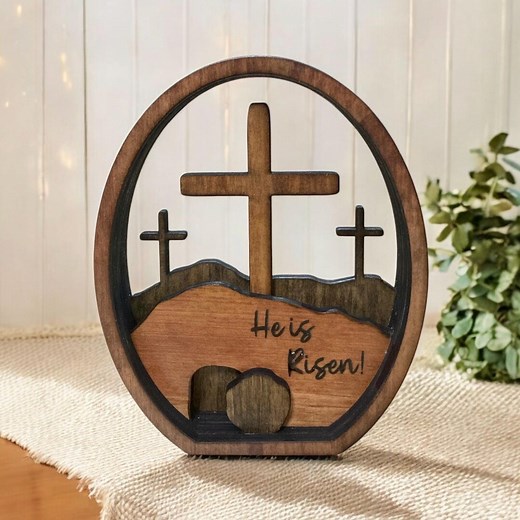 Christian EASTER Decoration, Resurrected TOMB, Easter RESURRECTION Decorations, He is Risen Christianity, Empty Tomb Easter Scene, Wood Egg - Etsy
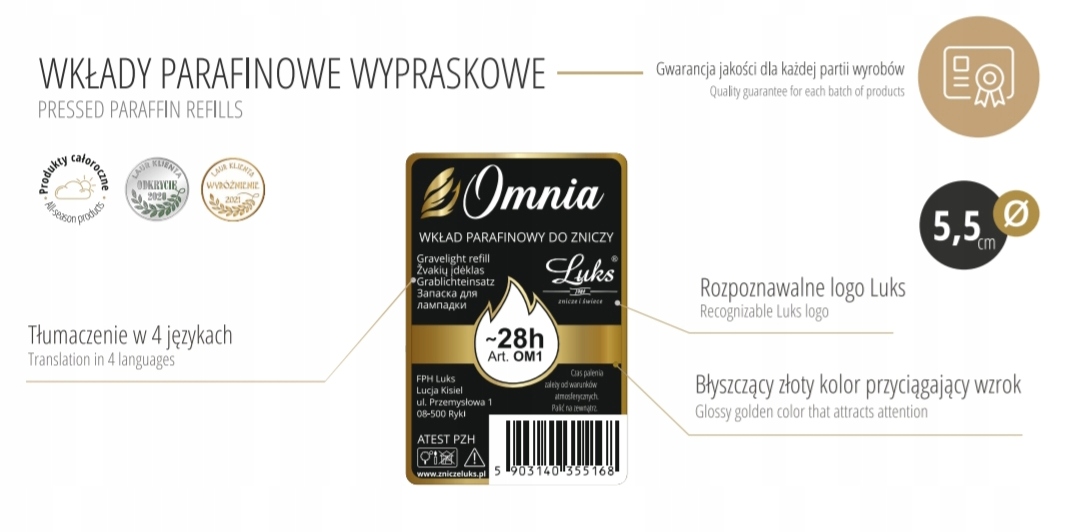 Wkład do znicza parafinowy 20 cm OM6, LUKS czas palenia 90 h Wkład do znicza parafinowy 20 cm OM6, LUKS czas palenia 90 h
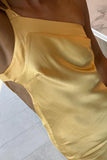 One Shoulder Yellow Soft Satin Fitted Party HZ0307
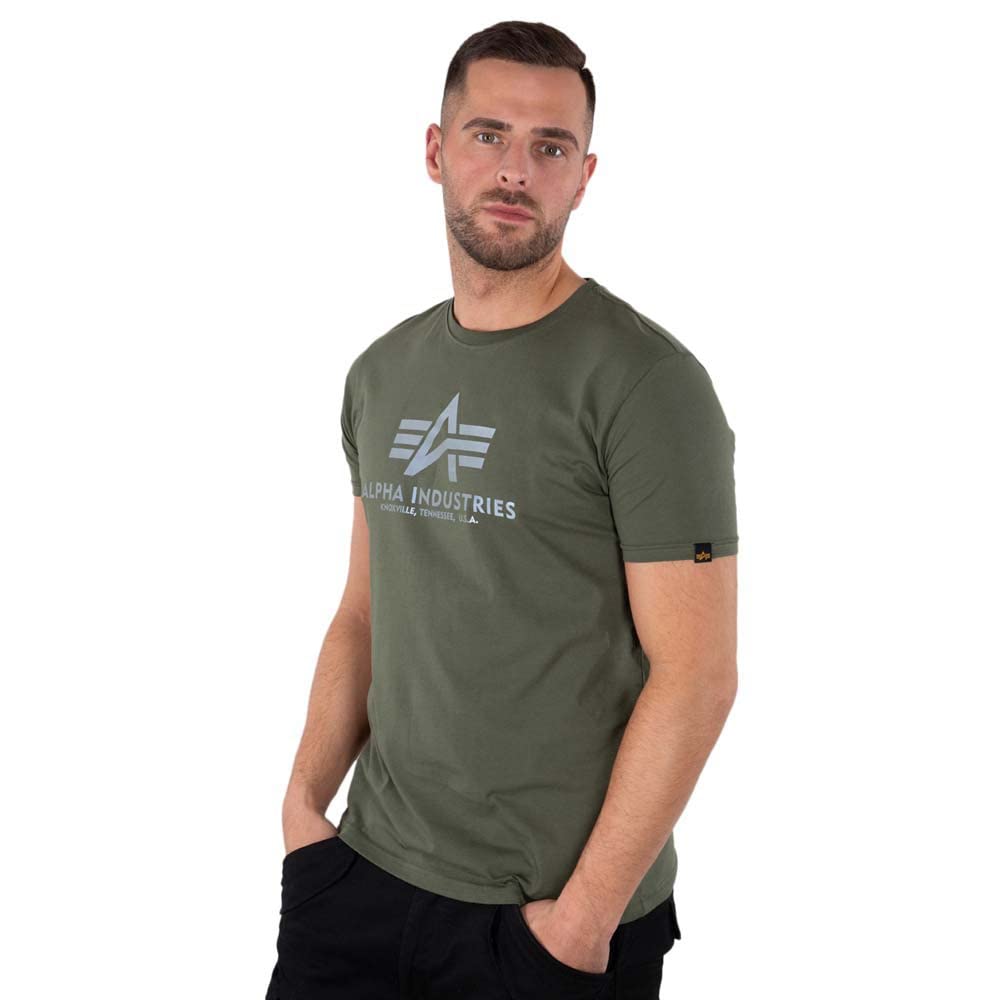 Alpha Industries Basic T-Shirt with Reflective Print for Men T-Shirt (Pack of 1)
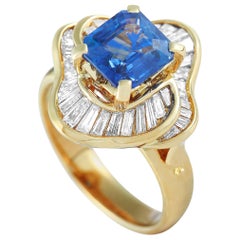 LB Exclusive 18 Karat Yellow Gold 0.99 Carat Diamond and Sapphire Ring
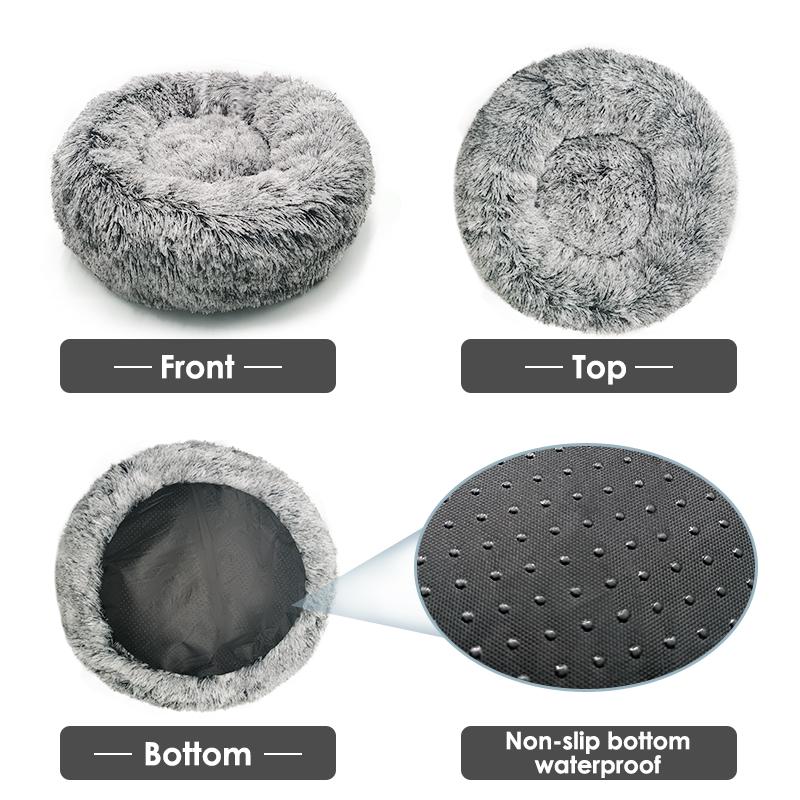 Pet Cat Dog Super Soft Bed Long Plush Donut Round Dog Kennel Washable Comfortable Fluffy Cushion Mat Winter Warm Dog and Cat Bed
= = = =
Assigned task: Skip the pictures and output all entries exactly.

Written answer:
 Christian EASTER Decoration, Resurrected TOMB, Easter RESURRECTION Decorations, He is Risen Christianity, Empty Tomb Easter Scene, Wood Egg - Etsy
 Wkład do znicza parafinowy 20 cm OM6, LUKS czas palenia 90 h Wkład do znicza parafinowy 20 cm OM6, LUKS czas palenia 90 h
 One Shoulder Yellow Soft Satin Fitted Party HZ0307
 Alpha Industries Basic T-Shirt with Reflective Print for Men T-Shirt (Pack of 1)
 LB Exclusive 18 Karat Yellow Gold 0.99 Carat Diamond and Sapphire Ring
 Pet Cat Dog Super Soft Bed Long Plush Donut Round Dog Kennel Washable Comfortable Fluffy Cushion Mat Winter Warm Dog and Cat Bed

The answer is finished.